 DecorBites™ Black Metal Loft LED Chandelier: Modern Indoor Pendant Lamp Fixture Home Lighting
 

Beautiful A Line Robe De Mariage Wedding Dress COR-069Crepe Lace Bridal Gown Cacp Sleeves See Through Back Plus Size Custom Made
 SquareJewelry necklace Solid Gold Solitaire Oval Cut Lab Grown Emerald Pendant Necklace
————————
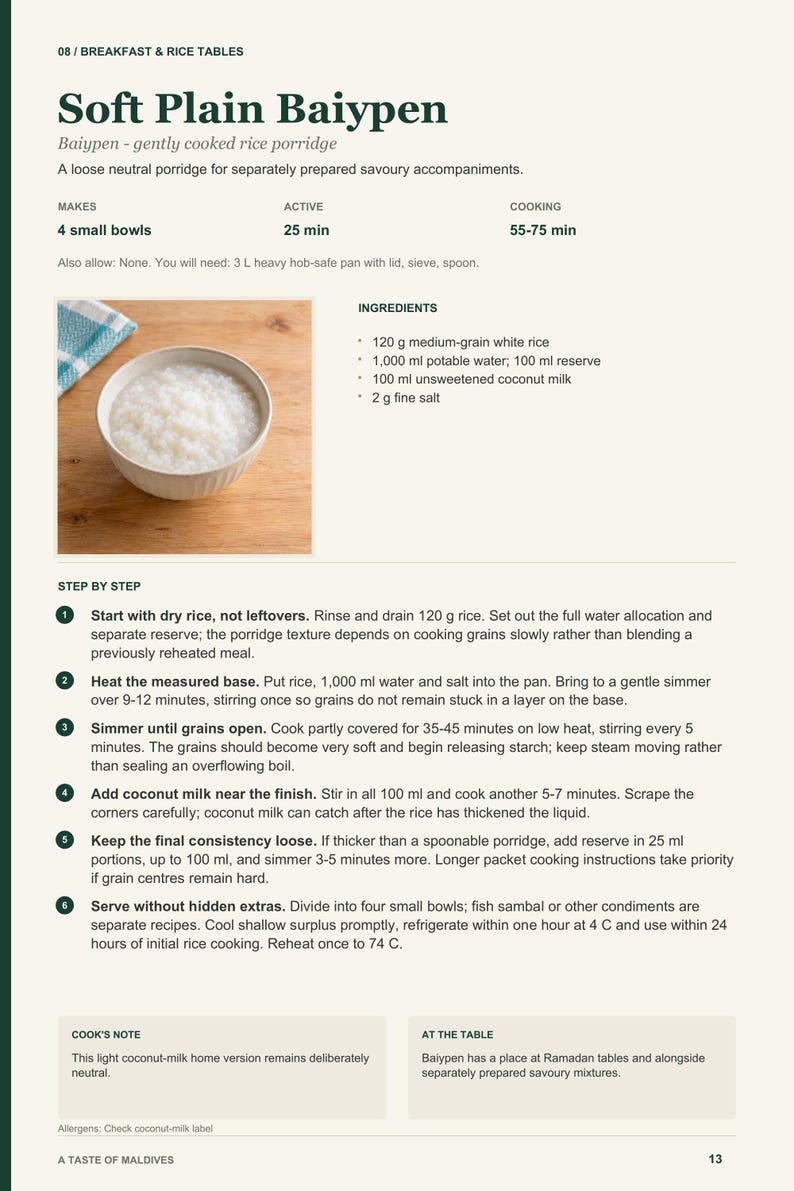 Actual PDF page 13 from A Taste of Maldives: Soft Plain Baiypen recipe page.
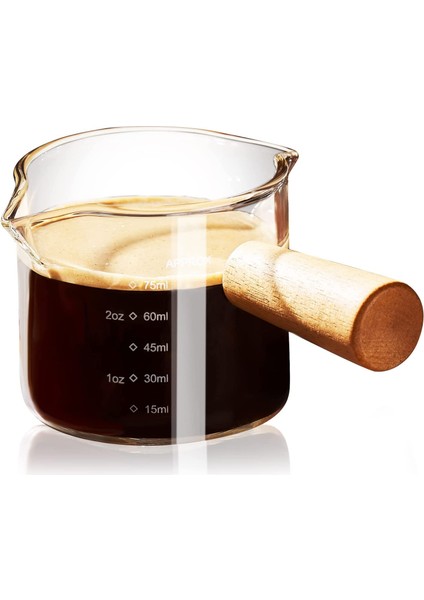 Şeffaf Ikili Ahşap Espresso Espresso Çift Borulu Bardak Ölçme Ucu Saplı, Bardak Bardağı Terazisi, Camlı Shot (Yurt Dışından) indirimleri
————————
» TASK
Nothing but the lines above from the one containing "DecorBites™ Black Metal" through the one containing "SquareJewelry necklace Solid" should appear in the answer, each repeated exactly.

» YOUR SOLUTION
 DecorBites™ Black Metal Loft LED Chandelier: Modern Indoor Pendant Lamp Fixture Home Lighting
 

Beautiful A Line Robe De Mariage Wedding Dress COR-069Crepe Lace Bridal Gown Cacp Sleeves See Through Back Plus Size Custom Made
 SquareJewelry necklace Solid Gold Solitaire Oval Cut Lab Grown Emerald Pendant Necklace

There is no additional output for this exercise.